Statewide Coordination Requirements of the WF-SRC/Lead WF agency:

a. Plan and coordinate program services with state and local community service providers (public and private) by holding quarterly meetings and by regular communication. . .
f. Submit timely and accurate programmatic and financial reports as detailed in the WF program guidelines from ORR.
Requirements of the WF Statewide Refugee Coordinator:
a. The WF SRC has a fiduciary duty to serve the best interests of all of the state’s refugees. Decisions pertaining to the administration of the statewide refugee program should be transparent and should be implemented in a fair and equitable manner amongst all of the state’s agencies that participate in the WF program…
d. The WF SRC must coordinate with all agencies providing assistance and services to refugees in the state.
e. The WF SRC must meet with and educate community partners and the public at large to advocate for refugees.
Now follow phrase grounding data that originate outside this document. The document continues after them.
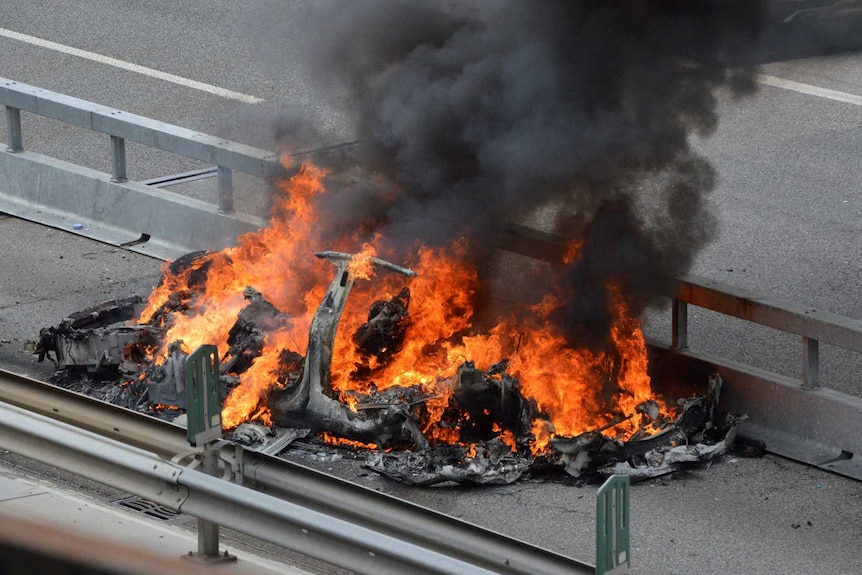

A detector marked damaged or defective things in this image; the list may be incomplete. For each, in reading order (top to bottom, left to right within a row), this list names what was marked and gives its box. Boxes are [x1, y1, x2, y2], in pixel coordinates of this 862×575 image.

charred debris [35, 250, 744, 484]
fire damage [35, 249, 744, 486]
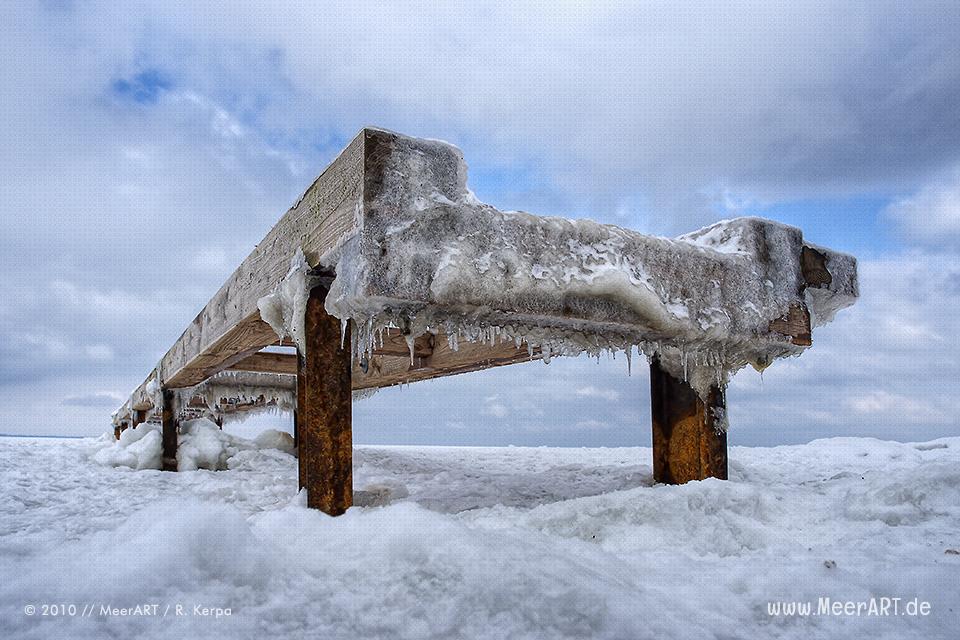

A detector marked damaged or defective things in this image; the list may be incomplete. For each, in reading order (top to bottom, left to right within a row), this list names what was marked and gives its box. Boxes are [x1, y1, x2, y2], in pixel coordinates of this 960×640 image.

rusty metal post [160, 388, 179, 472]
rusty metal post [298, 280, 354, 516]
rusty metal post [648, 356, 724, 484]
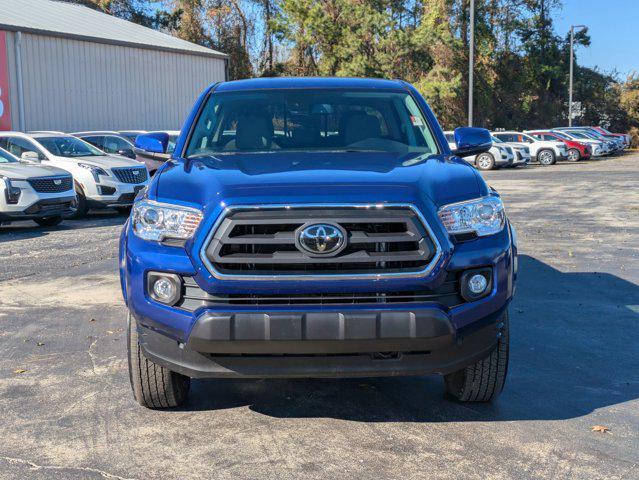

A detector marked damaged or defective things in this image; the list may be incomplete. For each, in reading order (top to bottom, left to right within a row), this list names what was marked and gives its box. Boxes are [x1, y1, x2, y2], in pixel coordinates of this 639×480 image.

parking lot crack [0, 456, 138, 478]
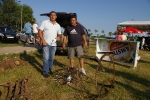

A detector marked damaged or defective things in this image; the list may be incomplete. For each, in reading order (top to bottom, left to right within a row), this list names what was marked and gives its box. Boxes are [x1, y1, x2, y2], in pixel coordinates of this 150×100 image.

rusty metal debris [0, 75, 31, 99]
rusty metal object [0, 75, 31, 99]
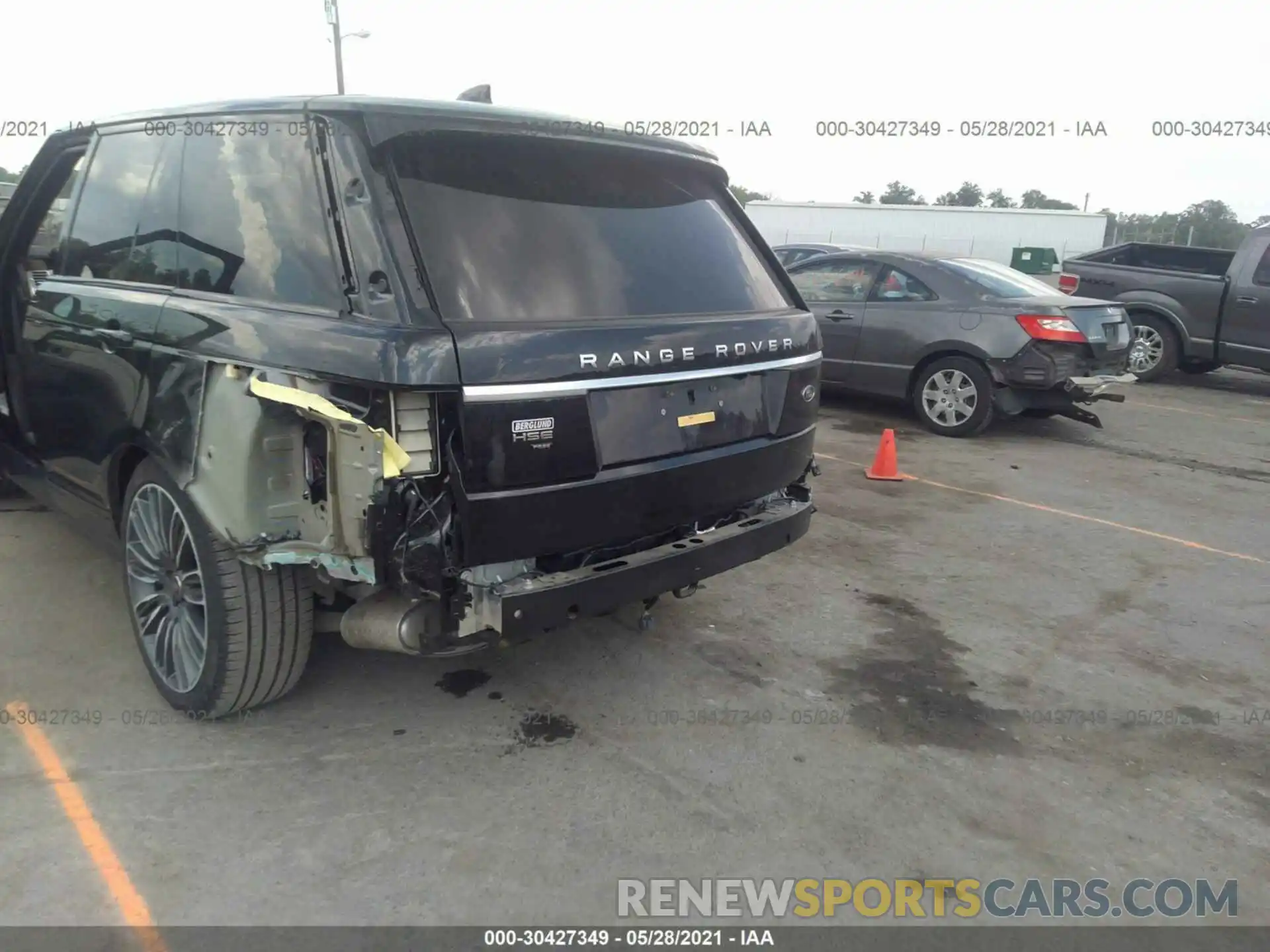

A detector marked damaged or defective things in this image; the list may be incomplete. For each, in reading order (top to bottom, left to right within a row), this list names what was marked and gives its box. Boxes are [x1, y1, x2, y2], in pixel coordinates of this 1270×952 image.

torn sheet metal [245, 378, 409, 479]
damaged rear of suv [0, 99, 823, 721]
exposed rear wheel well [111, 446, 148, 530]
The TOR mission statement and WF guidelines, which emphasize that they serve refugees, not taxpayers, differs significantly from the mission statements of departments of health in non W-F states. The State of Indiana Refugee Health Program 2015 Annual Report provides an example of that contrast:

The Refugee Health Program at the Indiana State Department of Health (ISDH) is responsible for providing oversight and coordination of health services to refugees in Indiana.
The mission of the Refugee Health Program is to support the resettlement of refugees by providing access and resources for an initial health screening upon arrival to the United States,by identifying emerging health issues in refugee populations and to provide ongoing support through relationships with community, state and federal partners.
The ISDH Refugee Health Program has made significant progress, including reaching the milestone of 100 percent of refugees receiving screening within 30 days of arrival during the last quarter of 2015 and the expansion of screening services to include newborn, tobacco and mental health screening.
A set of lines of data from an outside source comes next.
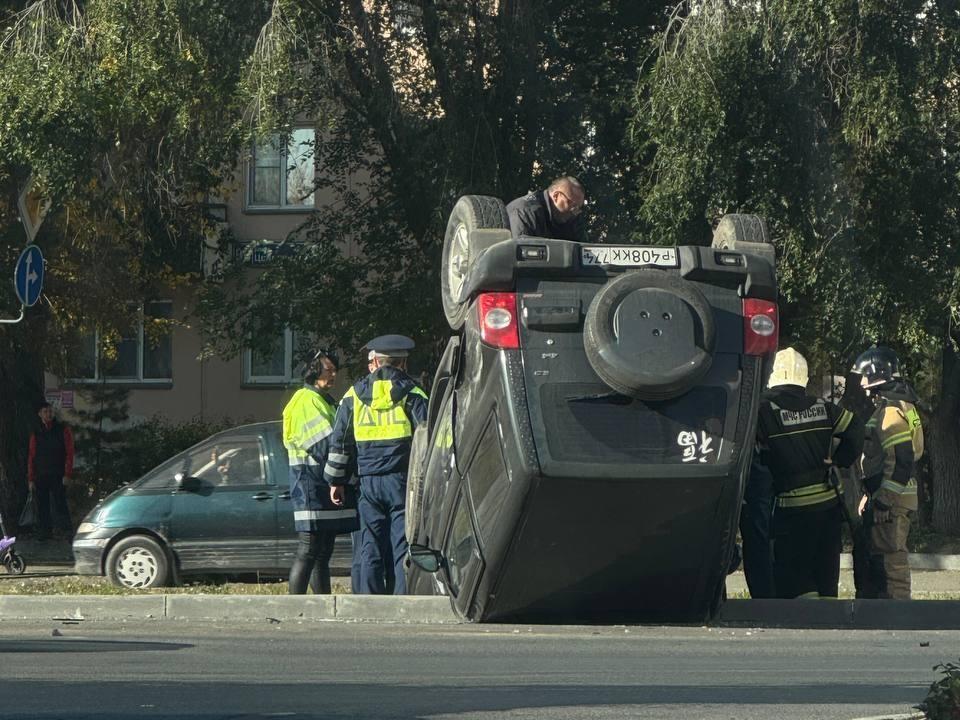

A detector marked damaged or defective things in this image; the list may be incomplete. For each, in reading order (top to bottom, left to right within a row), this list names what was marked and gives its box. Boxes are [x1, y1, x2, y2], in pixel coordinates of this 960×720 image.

overturned suv [402, 194, 776, 620]
damaged vehicle [404, 194, 780, 620]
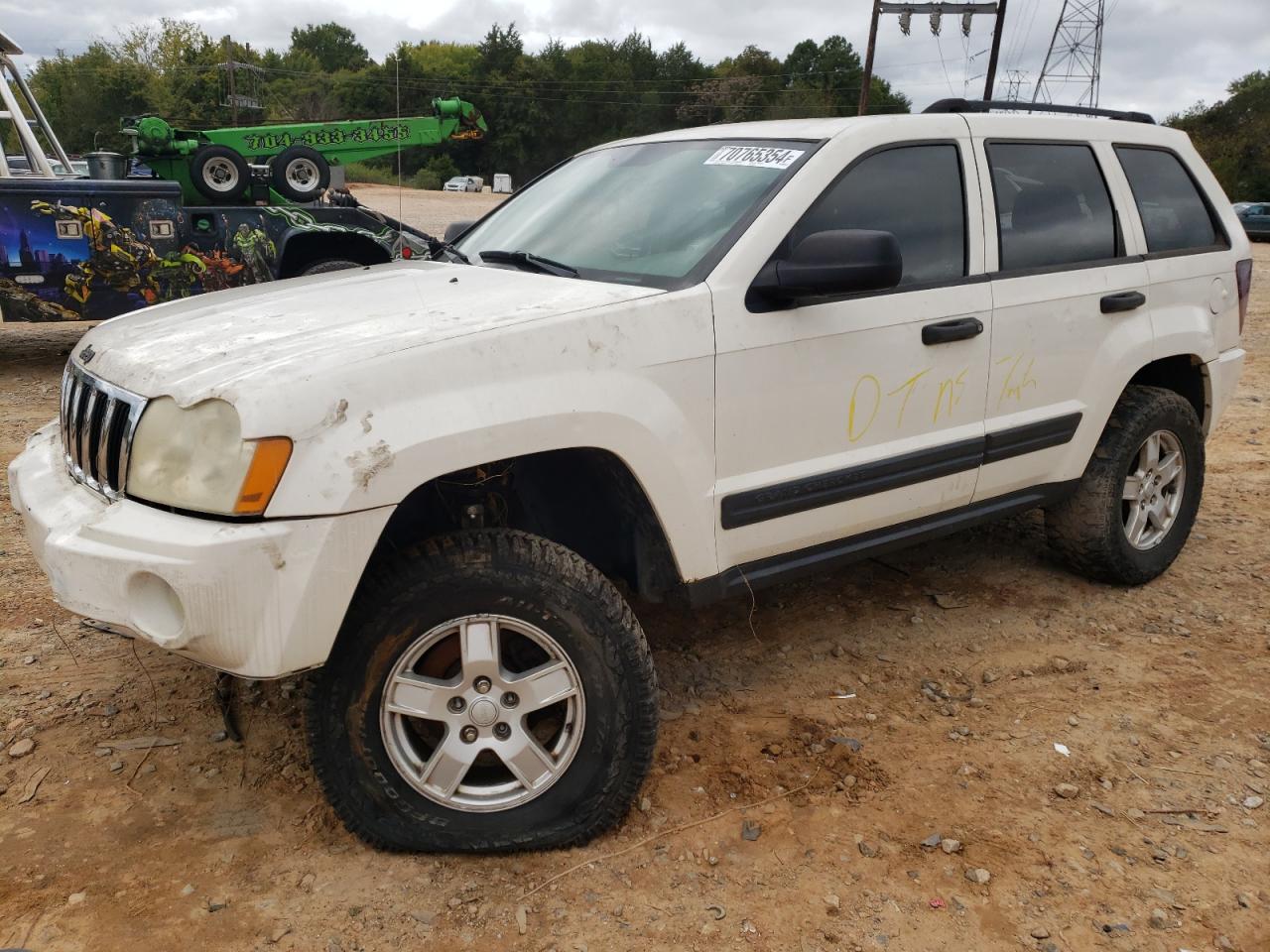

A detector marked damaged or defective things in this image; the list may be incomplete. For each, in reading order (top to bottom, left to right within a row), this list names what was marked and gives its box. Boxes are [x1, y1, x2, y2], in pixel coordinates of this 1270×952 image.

exposed wheel well [279, 233, 388, 278]
exposed wheel well [1127, 355, 1204, 431]
dented bumper [8, 423, 391, 680]
exposed wheel well [368, 449, 686, 599]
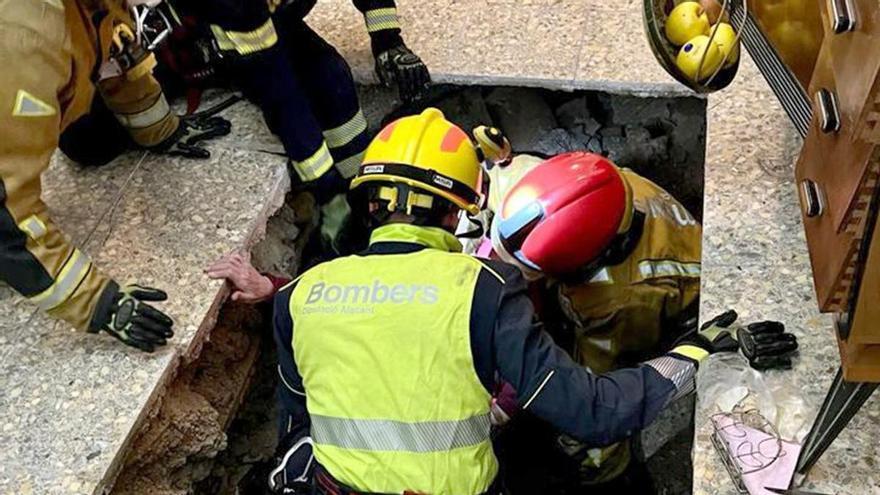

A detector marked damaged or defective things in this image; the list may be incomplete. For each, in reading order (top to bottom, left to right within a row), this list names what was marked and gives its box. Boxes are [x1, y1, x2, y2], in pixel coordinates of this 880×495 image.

broken concrete edge [94, 164, 290, 495]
News that TOR is withholding important refugee health data from the public in Tennessee will likely boost the Tenth Amendment argument put forward by the Tennessee General Assembly that, as a sovereign state, Tennessee should not be forced to pay for a program forced on it with questionable statutory authority by the federal government.

State Senator Mark Norris (R-Collierville) summarized the merits of the state’s Tenth Amendment lawsuit succinctly on Monday.

“The federal government must not do indirectly what it cannot lawfully do directly, and the Tennessee General Assembly must have the opportunity to approve, or disapprove, specific expenditures through the appropriation process,” Norris wrote in a letter to Gov. Haslam.